Net income climbed to 30.2 billion yuan ($4.8 billion) in the quarter, from 24.4 billion yuan, according to calculations based on full-year figures published by the Beijing-based lender yesterday. That compared with the 31.4 billion-yuan average estimate of 22 analysts in a Bloomberg survey.
Construction Bank joins smaller rival China Minsheng Banking Corp. in posting higher earnings after a credit shortage drove up interest rates, boosting loan profitability. Still, curbs on borrowing by local governments, property developers and homebuyers are triggering bad debts as the lender has more assets at risk from these clients than most of its peers.
“We forecast earnings growth will slow from the very robust 25 percent in 2011 to 10 percent in 2012 as credit costs rise, loan growth decelerates and net interest margins contract in the second half,” Mike Werner, a Hong Kong-based analyst at Sanford C. Bernstein & Co., said in a research report today.
Chinese lenders advanced 7.47 trillion yuan of new loans last year, 6 percent less than the amount offered in 2010. That helped boost weighted-average lending rates to 8.01 percent in December, up 1.82 percentage points from the beginning of the year, according to the central bank.
Shares of Construction Bank fell 1.2 percent to close at HK$5.92 in Hong Kong, limiting its gains this year to 9.2 percent.
Construction Bank made 827 billion yuan of new loans in 2011, taking the total to 6.5 trillion yuan. Its net interest margin widened to 2.7 percent from 2.5 percent a year earlier, according to yesterday’s statement.
China relaxed lenders’ reserve requirements twice since the start of December and scrapped bill sales this year to ease a cash crunch that was stifling growth in the world’s second-biggest economy. Gross domestic product expanded 8.9 percent in the fourth quarter, or at the slowest pace in more than two years.
Construction Bank lent a total of 150 billion yuan in the first two months of 2012, Vice President Chen Zuofu said in Hong Kong today. The bank plans to increase lending by about 12 percent this year, according to yesterday’s statement.
Construction Bank’s non-performing loans rose 6.3 billion yuan in the fourth quarter to 70.9 billion yuan as of Dec. 31, accounting for 1.09 percent of the portfolio. The bank set aside 15 billion yuan against soured debt during the period, 10 percent less than a year earlier.
The lender is “fully prepared” for market volatility, Chief Risk Officer Huang Zhiling told reporters today, adding that bad loans will be “stable” and “relatively low” this year.
“For years there are lots of international worries on what’s going on in China, yet China comes out fine,” Frank Newman, chairman of Promontory Financial Group China Ltd. and former chairman of Shenzhen Development Bank Co., said on Bloomberg TV on March 23. “The government does not want to have a big banking problem this year or next year, and there are a lot of things they can do in terms of extending loans, rearranging government financing.”

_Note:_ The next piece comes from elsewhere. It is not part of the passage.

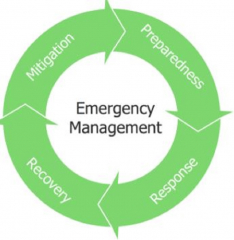 Short Course on Disaster Preparedness and Response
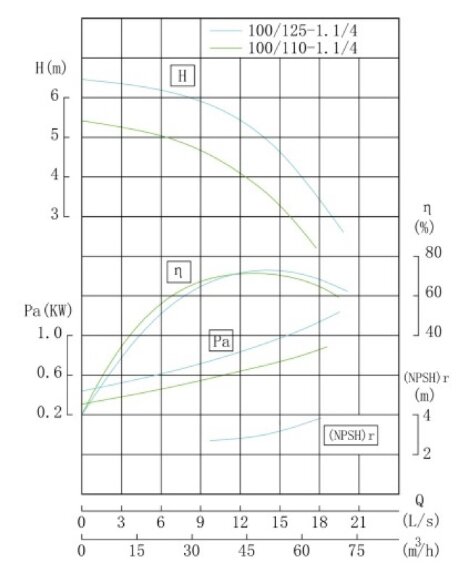 TKW 100/110-1.1/4 (44,6/4), 1,1 kW, 1450 насос центробежный горизонтальный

China is trying to spur credit to smaller companies while limiting home loans that could create a property bubble. In a March 5 speech in Beijing, Premier Wen Jiabao said the government will “strictly implement” restrictions.
Fourth-quarter profit at Construction Bank was derived by subtracting nine-month figures from the 2011 earnings reported yesterday. The company posted a 26 percent increase in net income in 2011 to 169.3 billion yuan, according to the statement.
Net interest income rose 21 percent to 304.6 billion yuan in 2011. Fee income from services such as credit cards and trade finance advanced 32 percent to 87 billion yuan.